Conversely, it is widely known that when knotting monofilament, cuts to the fingers often occur, yet the gloves remain unaltered; this does not happen often when knotting a braided suture. Similarly, the damaged infected fascia can be cut progressively with the monofilament but this might not occur with braided sutures. Future studies must be conducted in dirty or contaminated surgeries to confirm these results.
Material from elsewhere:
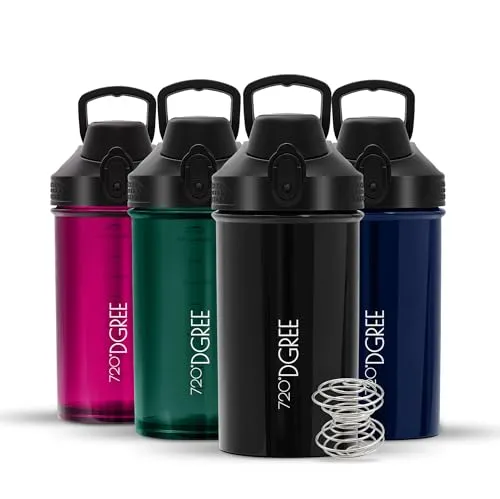 720°DGREE Protein Shaker 550ml “uberShaker“ – Auslaufsicher, BPA-Frei, Einfache Reinigung, Spiralmischer für cremige Shakes - Premium Eiweißshaker, Schüttelbecher für Eiweiß, Fitness, Gym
The main limitation of this study is its retrospective nature. Moreover, the sample size is too small to analyze four groups. However, the relevant results we obtained support this study as a starting point for future prospective randomized clinical trials that focus only on dirty surgeries and analyze the different types of sutures, braided or monofilaments, and uncoated or coated with triclosan.
Conclusion
Triclosan-coated sutures reduce SSI rate in fecal peritonitis with no differences between braided and monofilament ones. The use of monofilament sutures is related to higher risk of evisceration, independent of a triclosan coatin.
Footnotes
Author Disclosure Statement
The authors declare that they have no conflict of interest.